This week’s assignment is to load 3 different types of files into R. The file types are HTML, XML, and JSON. The data is the same for all three types. The data includes three books with multiple authors and their attributes. First data type to import is HTML file.
library(rvest)
#Load html file
book_html <- read_html("https://raw.githubusercontent.com/mirajpatel289/Data607/refs/heads/main/books.html")
#Put data into table
book_html_table <- book_html %>%
html_node("table") %>%
html_table()
print(book_html_table)
## # A tibble: 3 × 5
## Title Authors Genre Pages `Publish Year`
## <chr> <chr> <chr> <int> <int>
## 1 Good Omens: The Nice and Accurate Propheci… Terry … Fant… 288 1990
## 2 Enemy of my Enemy Meliss… Thri… 294 2016
## 3 Black House Peter … Horr… 672 2001
Second data type to import is XML file.
library(xml2)
library(dplyr)
##
## Attaching package: 'dplyr'
## The following objects are masked from 'package:stats':
##
## filter, lag
## The following objects are masked from 'package:base':
##
## intersect, setdiff, setequal, union
# Load the XML file
xml_data <- read_xml("https://raw.githubusercontent.com/mirajpatel289/Data607/refs/heads/main/books.xml")
# Extract book details
titles <- xml_text(xml_find_all(xml_data, "//title"))
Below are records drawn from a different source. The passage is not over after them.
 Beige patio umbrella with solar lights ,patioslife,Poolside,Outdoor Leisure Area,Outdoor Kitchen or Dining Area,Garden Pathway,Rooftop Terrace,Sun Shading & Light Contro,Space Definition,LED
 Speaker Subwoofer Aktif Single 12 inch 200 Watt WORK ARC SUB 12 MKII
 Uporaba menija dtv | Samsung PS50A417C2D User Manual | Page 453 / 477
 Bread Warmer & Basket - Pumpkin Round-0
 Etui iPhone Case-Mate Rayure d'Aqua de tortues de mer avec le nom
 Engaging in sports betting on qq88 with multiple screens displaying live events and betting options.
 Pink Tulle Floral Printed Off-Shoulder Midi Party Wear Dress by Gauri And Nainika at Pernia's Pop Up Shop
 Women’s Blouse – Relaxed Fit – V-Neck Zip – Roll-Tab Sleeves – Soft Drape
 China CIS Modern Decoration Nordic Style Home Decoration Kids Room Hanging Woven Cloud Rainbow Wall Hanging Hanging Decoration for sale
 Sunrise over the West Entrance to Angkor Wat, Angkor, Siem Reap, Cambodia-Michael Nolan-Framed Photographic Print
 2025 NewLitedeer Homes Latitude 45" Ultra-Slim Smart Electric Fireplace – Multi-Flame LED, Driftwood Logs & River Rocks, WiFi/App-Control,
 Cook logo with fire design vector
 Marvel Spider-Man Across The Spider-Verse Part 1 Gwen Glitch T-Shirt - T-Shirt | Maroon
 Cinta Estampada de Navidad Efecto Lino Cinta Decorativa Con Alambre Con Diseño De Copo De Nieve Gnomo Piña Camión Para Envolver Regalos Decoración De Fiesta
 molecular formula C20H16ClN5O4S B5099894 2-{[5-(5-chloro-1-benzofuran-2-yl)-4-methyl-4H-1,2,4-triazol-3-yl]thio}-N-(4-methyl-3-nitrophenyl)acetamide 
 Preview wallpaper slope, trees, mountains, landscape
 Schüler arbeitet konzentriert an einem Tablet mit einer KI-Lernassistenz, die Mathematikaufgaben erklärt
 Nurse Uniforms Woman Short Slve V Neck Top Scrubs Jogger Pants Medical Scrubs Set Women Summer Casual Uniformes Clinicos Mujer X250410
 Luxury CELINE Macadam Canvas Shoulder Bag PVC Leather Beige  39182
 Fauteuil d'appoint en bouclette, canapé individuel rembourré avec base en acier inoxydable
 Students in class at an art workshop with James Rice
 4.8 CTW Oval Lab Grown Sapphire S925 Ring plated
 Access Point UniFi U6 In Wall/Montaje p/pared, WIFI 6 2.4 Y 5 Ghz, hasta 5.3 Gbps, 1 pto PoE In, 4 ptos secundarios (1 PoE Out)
authors <- xml_find_all(xml_data, "//authors/author") %>% xml_text()
genres <- xml_text(xml_find_all(xml_data, "//genre"))
pages <- xml_text(xml_find_all(xml_data, "//pages"))
publish_years <- xml_text(xml_find_all(xml_data, "//publish_year"))
# Create a data frame
book_data <- data.frame(
Title = titles,
Authors = authors,
Genre = genres,
Pages = as.integer(pages),
Publish_Year = as.integer(publish_years)
)
print(book_data)
## Title Authors
## 1 Good Omens: The Nice and Accurate Prophecies of Agnes Nutter Terry Pratchett
## 2 Enemy of my Enemy Neil Gaiman
## 3 Black House Melissa Mayberry
## 4 Good Omens: The Nice and Accurate Prophecies of Agnes Nutter Travis Casey
## 5 Enemy of my Enemy Peter Straub
## 6 Black House Stephen King
## Genre Pages Publish_Year
## 1 Fantasy 288 1990
## 2 Thriller 294 2016
## 3 Horror 672 2001
## 4 Fantasy 288 1990
## 5 Thriller 294 2016
## 6 Horror 672 2001
The last type of data to import is JSON file.
library(jsonlite)
# Load the JSON file
json_data <- fromJSON("https://raw.githubusercontent.com/mirajpatel289/Data607/refs/heads/main/books.json")
# Extract the 'library' list as a data frame
book_json <- as.data.frame(json_data$library)
# Display the results
print(book_json)
## title
## 1 Good Omens: The Nice and Accurate Prophecies of Agnes Nutter
## 2 Enemy of my Enemy
## 3 Black House
## authors genre pages publish_year
## 1 Terry Pratchett, Neil Gaiman Fantasy 288 1990
## 2 Melissa Mayberry, Travis Casey Thriller 294 2016
## 3 Peter Straub, Stephen King Horror 672 2001
After importing these three file types with the same data, the tables look almost the same. For all three files, the data was imported correctly and all the data was clearly presented in the tables. The biggest difference is the XML table where the books are repeated for each author. The JSON and HTML are similar, but HTML looks more clean.